Sorry, I haven't been around this project until now :cry:

And I found a bug when using it with context(#[deku(ctx}]). In the generated DekuContainerWrite::to_bits, the rest properties are references and passed to DekuWrite::write as references, temp properties are values, and use & inline in DekuWrite::write's arg list. However, ctx won't distinguish them, causing either a "type XXX cannot be dereferenced" (if writing * in ctx) or "mismatched types, expected XXX, found &XXX" (if not).

My code:

#[deku(temp, temp_value = "self.data.deku_id()?")]
pub cmd_id: u16,

#[deku(ctx = "*cmd_id, *cmd_type")]
pub data: command::Data,

Expands to:

image

While I could simply change type in ctx to reference, I don't think a reference to such a small number is something elegant... :sleeping:

sharksforarms commented 1 year ago

Would this be a minimal reproduction?

use deku::prelude::*;
use std::convert::TryInto;

#[deku_derive(DekuRead, DekuWrite)]
#[derive(Debug, PartialEq)]
#[deku(ctx = "field1: u8, field2: u8")]
struct Child {
}

#[deku_derive(DekuRead, DekuWrite)]
#[derive(Debug, PartialEq)]
struct Parent {
    pub field1: u8,

    #[deku(temp, temp_value = "self.field1")]
    pub field2: u8,

    #[deku(ctx = "*field1, *field2")]
    pub field3: Child
}

fn main() {
    let value = Parent {
        field1: 0x01,
        field3: Child {}
    };
    let value: Vec<u8> = value.try_into().unwrap();
    assert_eq!(vec![0x01], value);
}

I don't have time to work on this at the moment, cc: @SneakyBerry maybe they have ideas

SneakyBerry commented 1 year ago

@sharksforarms thanks for mentioning and minimal reproduction. I'll do some research and provide MR.
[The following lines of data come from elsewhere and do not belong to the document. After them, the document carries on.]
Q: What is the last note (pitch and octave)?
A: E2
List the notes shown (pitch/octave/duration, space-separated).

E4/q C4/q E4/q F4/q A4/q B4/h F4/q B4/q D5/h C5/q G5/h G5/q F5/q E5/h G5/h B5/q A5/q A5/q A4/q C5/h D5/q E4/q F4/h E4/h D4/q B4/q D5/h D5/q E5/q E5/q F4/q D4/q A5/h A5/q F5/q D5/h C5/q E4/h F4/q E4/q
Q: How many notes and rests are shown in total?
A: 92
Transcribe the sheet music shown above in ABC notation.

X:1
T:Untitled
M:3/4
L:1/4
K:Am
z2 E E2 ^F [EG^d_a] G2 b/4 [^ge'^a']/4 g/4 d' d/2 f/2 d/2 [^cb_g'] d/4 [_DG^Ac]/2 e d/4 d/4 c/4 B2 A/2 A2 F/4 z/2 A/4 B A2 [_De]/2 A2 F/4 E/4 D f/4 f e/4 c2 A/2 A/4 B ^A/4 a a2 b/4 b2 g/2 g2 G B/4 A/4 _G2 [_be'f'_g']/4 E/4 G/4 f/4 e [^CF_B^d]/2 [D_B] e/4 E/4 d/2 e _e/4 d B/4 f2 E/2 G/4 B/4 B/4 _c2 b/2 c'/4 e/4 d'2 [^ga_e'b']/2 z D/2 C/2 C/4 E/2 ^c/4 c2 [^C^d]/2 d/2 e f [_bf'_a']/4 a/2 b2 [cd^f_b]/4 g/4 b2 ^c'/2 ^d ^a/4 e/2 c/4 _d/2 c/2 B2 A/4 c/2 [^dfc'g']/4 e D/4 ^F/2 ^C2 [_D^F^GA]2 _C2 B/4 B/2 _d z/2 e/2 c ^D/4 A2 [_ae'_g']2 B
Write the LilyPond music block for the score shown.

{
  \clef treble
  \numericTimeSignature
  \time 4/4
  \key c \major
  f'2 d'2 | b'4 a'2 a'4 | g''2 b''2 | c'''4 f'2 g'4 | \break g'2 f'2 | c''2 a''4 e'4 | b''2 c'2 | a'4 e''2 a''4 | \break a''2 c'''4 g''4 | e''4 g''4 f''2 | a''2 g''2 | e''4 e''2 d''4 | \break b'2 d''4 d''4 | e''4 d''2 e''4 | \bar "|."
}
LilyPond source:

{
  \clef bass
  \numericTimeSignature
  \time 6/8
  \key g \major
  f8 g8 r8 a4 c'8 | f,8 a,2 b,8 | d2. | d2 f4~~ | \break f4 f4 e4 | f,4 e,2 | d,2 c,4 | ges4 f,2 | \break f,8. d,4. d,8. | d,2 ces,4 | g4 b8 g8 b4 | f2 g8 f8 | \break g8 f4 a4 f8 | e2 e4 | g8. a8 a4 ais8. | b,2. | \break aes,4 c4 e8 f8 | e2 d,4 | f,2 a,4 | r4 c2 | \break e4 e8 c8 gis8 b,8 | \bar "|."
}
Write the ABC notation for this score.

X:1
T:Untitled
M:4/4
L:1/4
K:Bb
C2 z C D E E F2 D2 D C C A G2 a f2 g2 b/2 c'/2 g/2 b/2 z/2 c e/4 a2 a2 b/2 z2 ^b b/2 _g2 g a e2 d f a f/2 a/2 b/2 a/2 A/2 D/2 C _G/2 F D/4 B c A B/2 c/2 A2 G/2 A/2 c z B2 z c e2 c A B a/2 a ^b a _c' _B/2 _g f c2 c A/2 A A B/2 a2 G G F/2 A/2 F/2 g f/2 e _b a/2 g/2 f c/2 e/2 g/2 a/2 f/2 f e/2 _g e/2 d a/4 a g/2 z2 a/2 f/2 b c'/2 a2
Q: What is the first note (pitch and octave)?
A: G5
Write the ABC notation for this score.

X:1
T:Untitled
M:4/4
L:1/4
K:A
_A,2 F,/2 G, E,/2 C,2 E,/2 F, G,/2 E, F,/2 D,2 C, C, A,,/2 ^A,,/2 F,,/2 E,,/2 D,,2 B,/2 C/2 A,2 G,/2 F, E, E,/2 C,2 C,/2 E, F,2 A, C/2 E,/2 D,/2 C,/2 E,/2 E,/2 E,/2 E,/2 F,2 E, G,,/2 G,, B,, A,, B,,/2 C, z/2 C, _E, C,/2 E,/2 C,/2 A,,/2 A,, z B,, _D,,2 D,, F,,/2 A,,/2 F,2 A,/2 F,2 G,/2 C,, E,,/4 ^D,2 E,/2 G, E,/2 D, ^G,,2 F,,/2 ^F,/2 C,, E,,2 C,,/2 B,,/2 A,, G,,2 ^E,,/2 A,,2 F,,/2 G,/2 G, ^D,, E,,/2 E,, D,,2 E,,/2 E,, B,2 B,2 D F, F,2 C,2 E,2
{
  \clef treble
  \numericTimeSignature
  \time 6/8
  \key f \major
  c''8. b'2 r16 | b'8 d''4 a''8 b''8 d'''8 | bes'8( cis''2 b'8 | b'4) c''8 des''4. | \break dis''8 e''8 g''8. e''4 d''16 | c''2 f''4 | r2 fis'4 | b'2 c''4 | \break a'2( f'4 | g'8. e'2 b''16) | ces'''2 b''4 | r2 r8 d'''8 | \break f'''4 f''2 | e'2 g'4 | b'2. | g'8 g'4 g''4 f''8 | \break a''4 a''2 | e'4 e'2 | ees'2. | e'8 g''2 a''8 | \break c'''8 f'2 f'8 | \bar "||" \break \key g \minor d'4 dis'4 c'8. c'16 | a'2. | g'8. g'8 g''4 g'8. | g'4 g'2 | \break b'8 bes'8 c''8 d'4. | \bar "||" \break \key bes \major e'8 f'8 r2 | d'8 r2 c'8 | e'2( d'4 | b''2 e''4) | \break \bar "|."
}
shirok1 commented 1 year ago

@SneakyBerry Hello, have you get any progress there?

SneakyBerry commented 1 year ago

@shirok1 Hi! Check this. Will it work for you?

zhang-wenchao commented 4 days ago

I faced the same issue - it's a very common problem. The packet has a start bit, followed by data, CRC, and an end bit. Having to strip out start/end bits and CRC, extract the data, and then verify it is quite cumbersome.